To do –
Copy, without a single change, each line from the one that holds "販売中の栃木県のトイプードル-454047の9枚目" to the bottom of the entries below, and drop any pictures.

----------

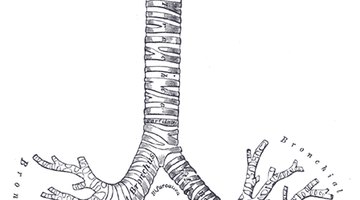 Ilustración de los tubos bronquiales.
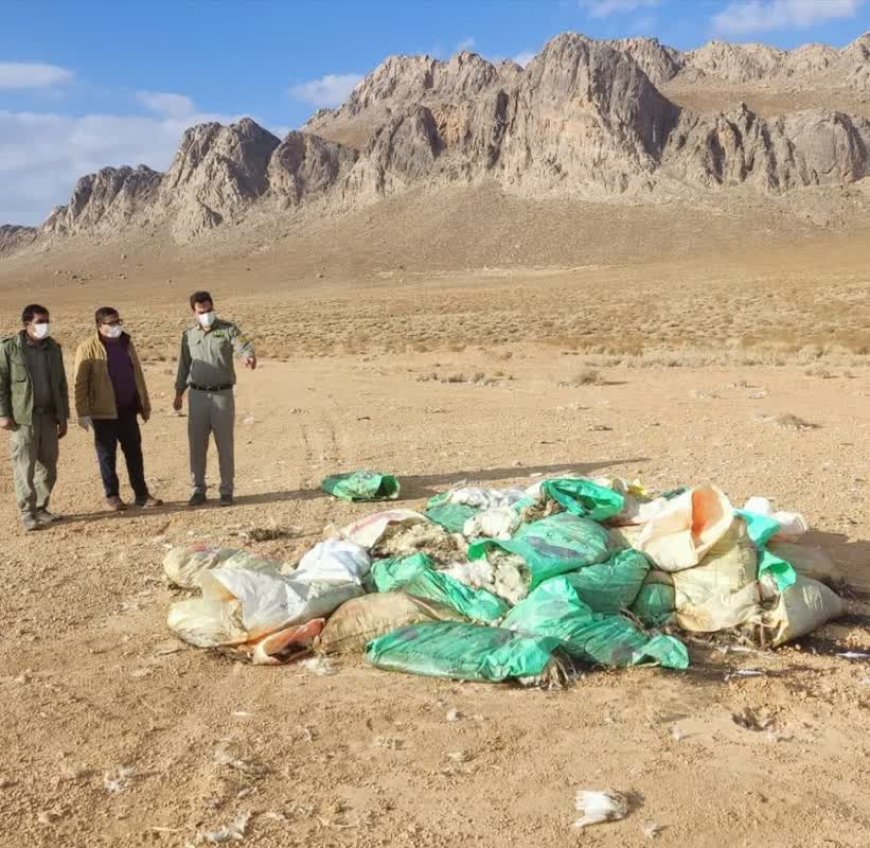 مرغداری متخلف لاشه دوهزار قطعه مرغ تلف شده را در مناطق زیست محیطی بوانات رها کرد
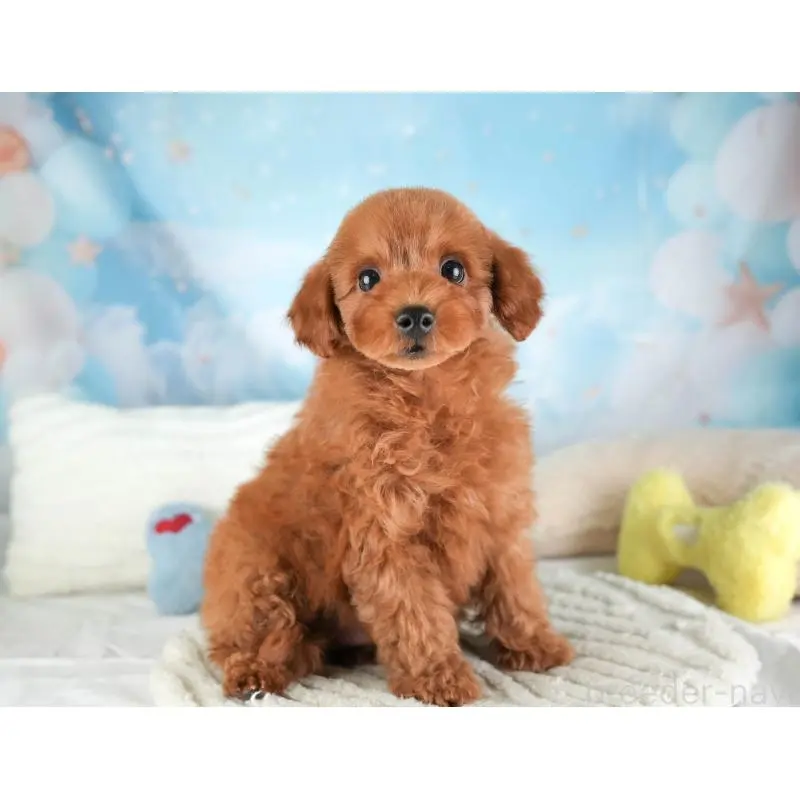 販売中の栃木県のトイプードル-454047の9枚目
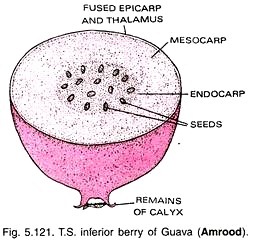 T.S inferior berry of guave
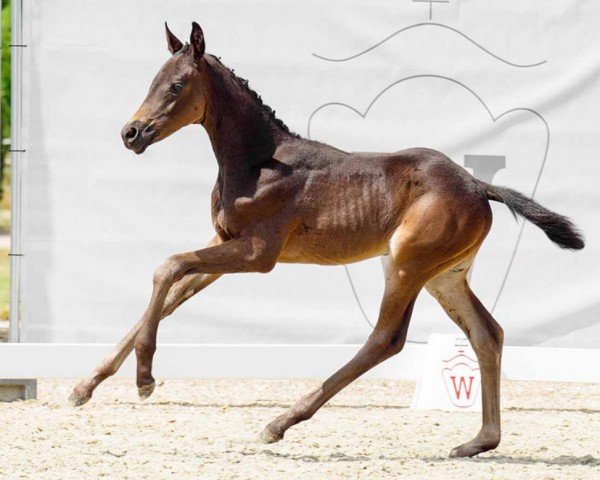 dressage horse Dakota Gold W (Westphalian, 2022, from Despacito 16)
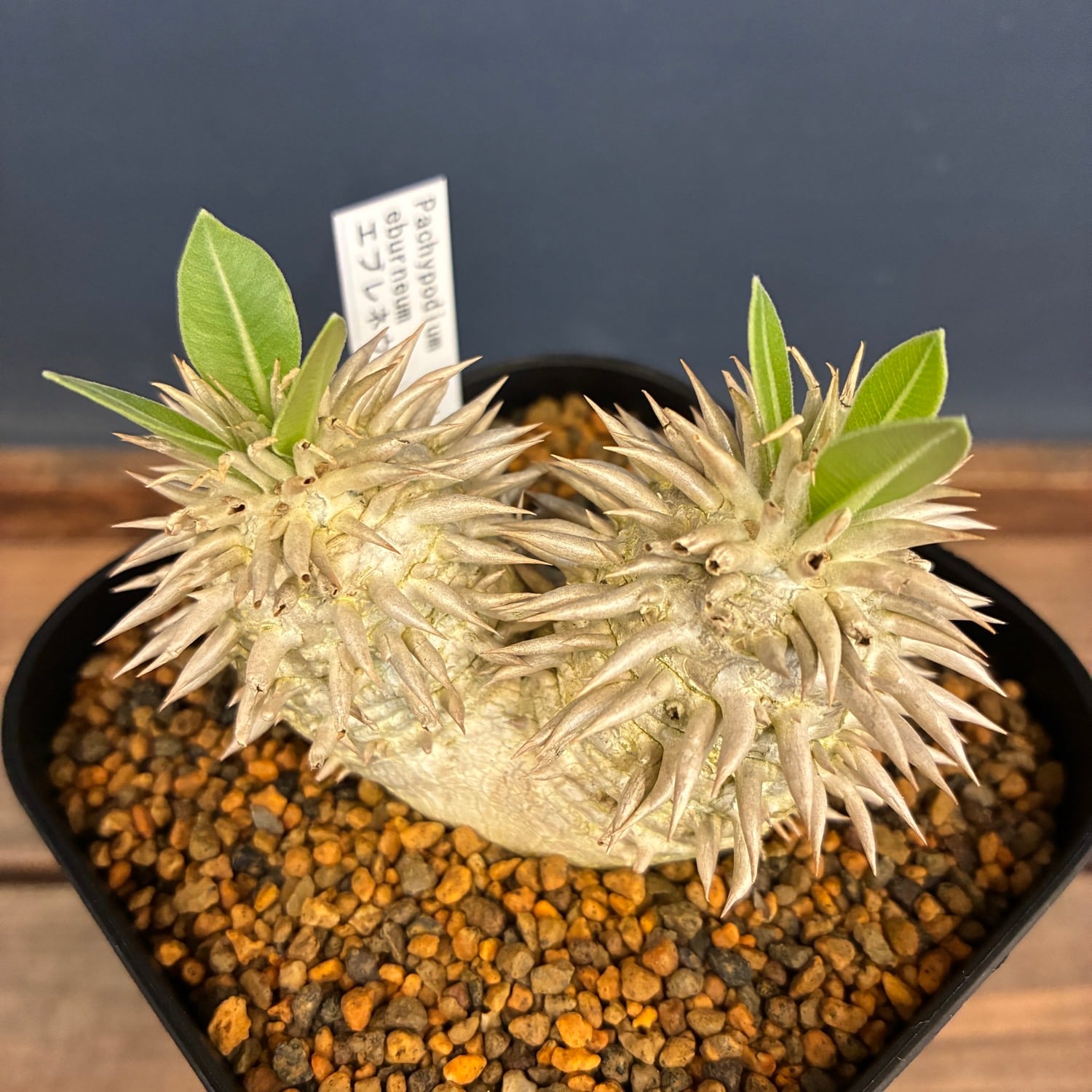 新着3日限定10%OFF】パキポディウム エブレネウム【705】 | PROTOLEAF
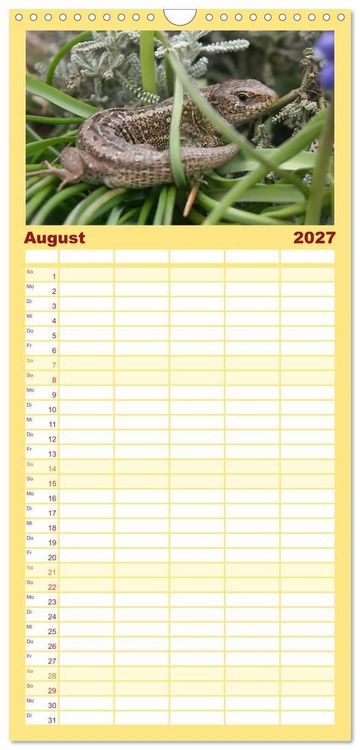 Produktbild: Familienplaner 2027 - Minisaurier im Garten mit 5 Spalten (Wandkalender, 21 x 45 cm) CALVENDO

----------

Your response –
 販売中の栃木県のトイプードル-454047の9枚目
 T.S inferior berry of guave
 dressage horse Dakota Gold W (Westphalian, 2022, from Despacito 16)
 新着3日限定10%OFF】パキポディウム エブレネウム【705】 | PROTOLEAF
 Produktbild: Familienplaner 2027 - Minisaurier im Garten mit 5 Spalten (Wandkalender, 21 x 45 cm) CALVENDO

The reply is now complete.